Take sex, for example. In the Bible, sex outside of marriage is immoral (Hebrews 13.4). But in our culture, it is routine, even among Christians. We know what the Bible teaches, but we prefer to ignore its teaching and/or generate rationalizations for our disobedience. (Someone has said that to rationalize means to offer “rational lies.” How true!)
Or take anger. Jesus clearly teaches that anger is a form of murder deserving judgment and that it should be replaced by reconciliation (Matthew 5.21–26). But how many of us offer rationalizations for our anger, insults, and mean-spirited actions? Too many, I fear.
Or finally, take alcohol. Paul writes: “do not get drunk with wine” (Ephesians 5.18). And yet, how many of us turn to drink at the end of a long, hard day at the office? (Or to drugs, legal or illegal, or to some other substance or activity?) We offer reasons: “I need to steady my nerves,” “I need to forget my troubles,” “I need a little pick-me-up.” But those reasons quickly become rationalizations for excess and addiction.
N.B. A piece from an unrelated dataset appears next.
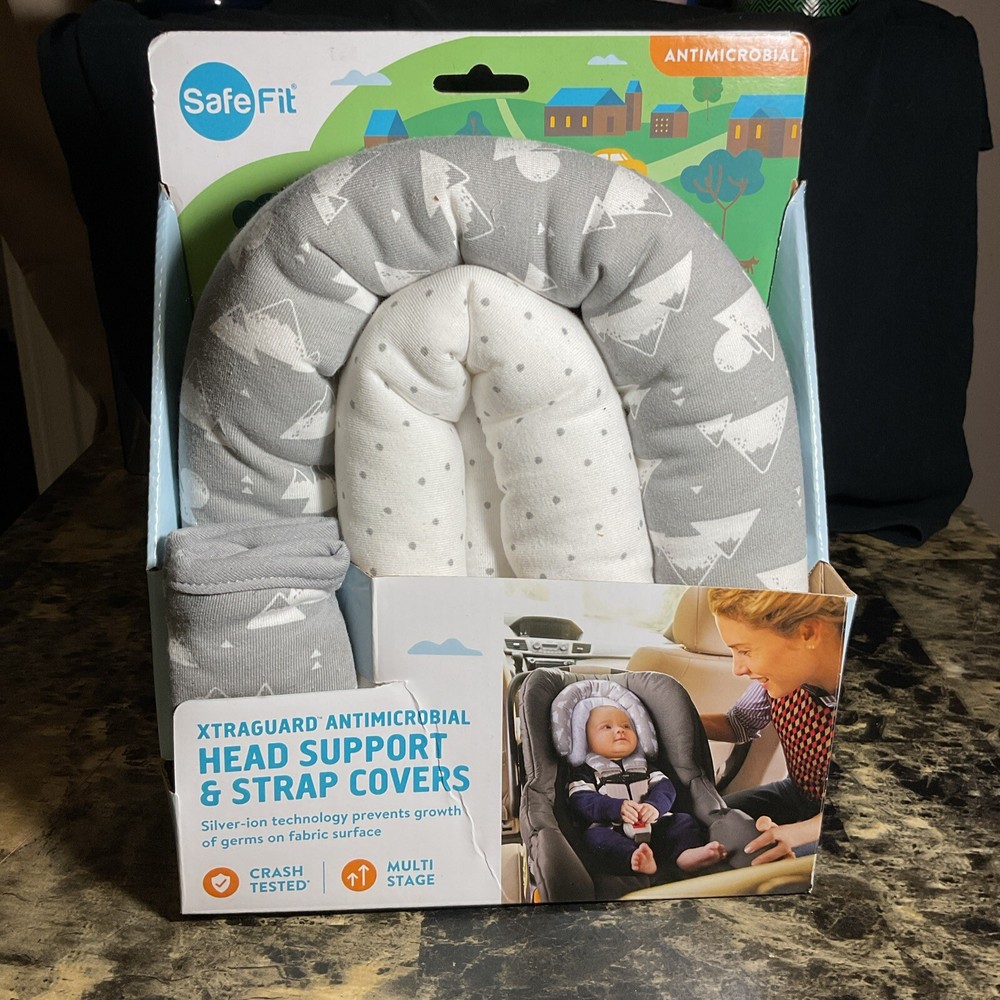 SafeFit Head Support & Strap Covers Baby NIB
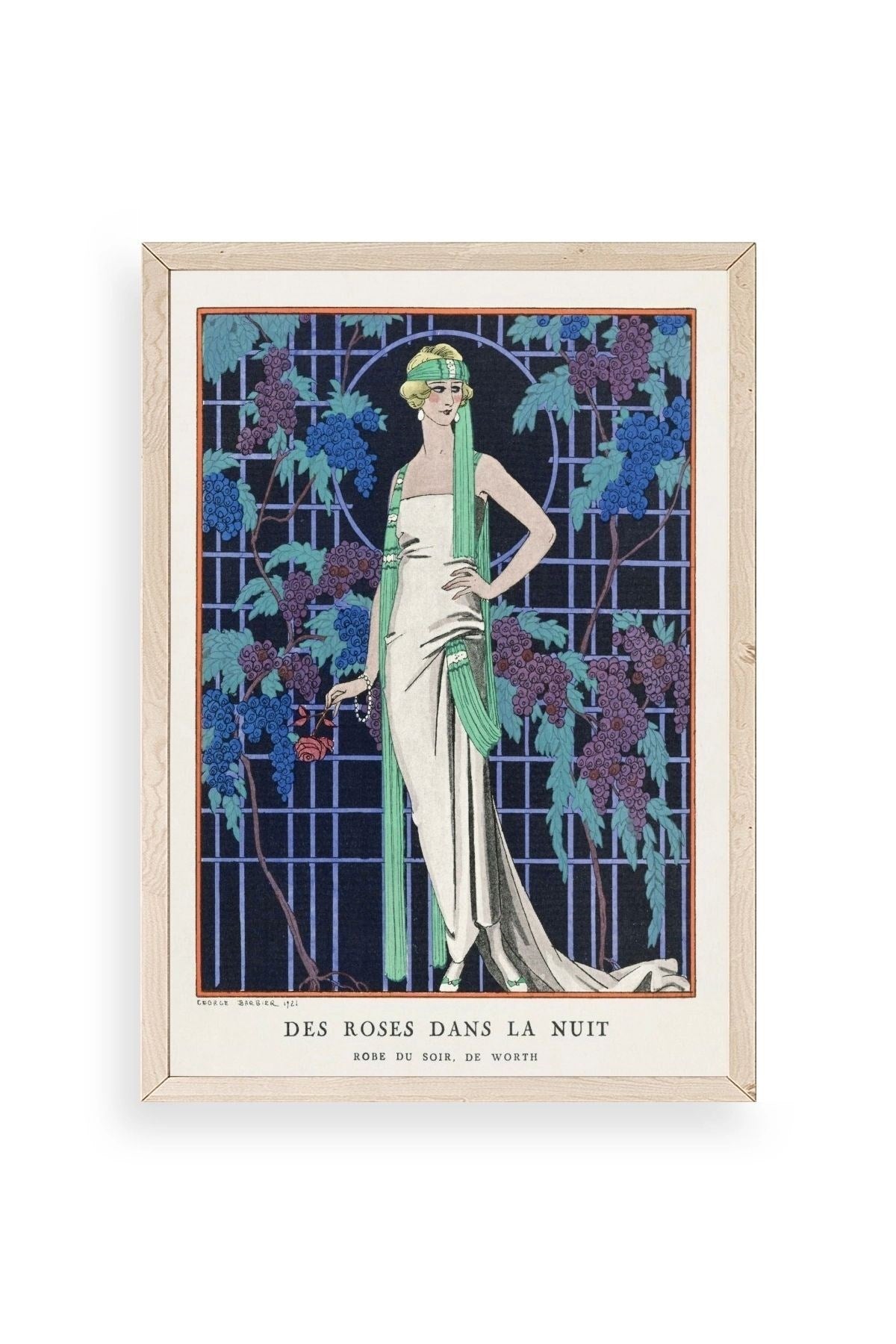 George Barber Ahşap Çerçeveli Tablo 23 x 30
We human beings are excuse-making factories, you see. Rational lies pour out of our brains like water rushing through a broken levee. To plug the hole, we need to constantly remind ourselves of the Bible’s simple (though never simplistic) moral teaching. Consider Ephesians 5.15–21:
“Look carefully then how you walk, not as unwise but as wise, making the best use of the time, because the days are evil. Therefore do not be foolish, but understand what the will of the Lord is. And do not get drunk with wine, for that is debauchery, but be filled with the Spirit, addressing one another in psalms and hymns and spiritual songs, singing and making melody to the Lord with all your heart, giving thanks always and for everything to God the Father in the name of our Lord Jesus Christ, submitting to one another out of reverence for Christ.”
Paul teaches us three things in this passage:
- The Christian life requires a choice between black and white. Notice the polarity in his words. He starkly contrasts being “wise” and “unwise” (or “foolish”). He offers a clear alternative between being “drunk with wine” or “filled with the Spirit.”
- The Christian life replaces bad with good. Following Christ entails being against certain actions, behaviors, and forms of speech. But Christians are also in favor of other actions, behaviors, and forms of speech. It is not enough to stand against sin, in other words. We must walk in Christ’s stead.
- The Christian life results in positive regard for God and others. What does it mean to be “filled with the Spirit”? Paul answers with four verbs: addressing, singing, giving thanks, and submitting. Through our words, attitudes, and actions, we are supposed to love God wholeheartedly and our neighbors as ourselves (Matthew 22.37–40).
How much better would our lives be if we lived according to these simple principles?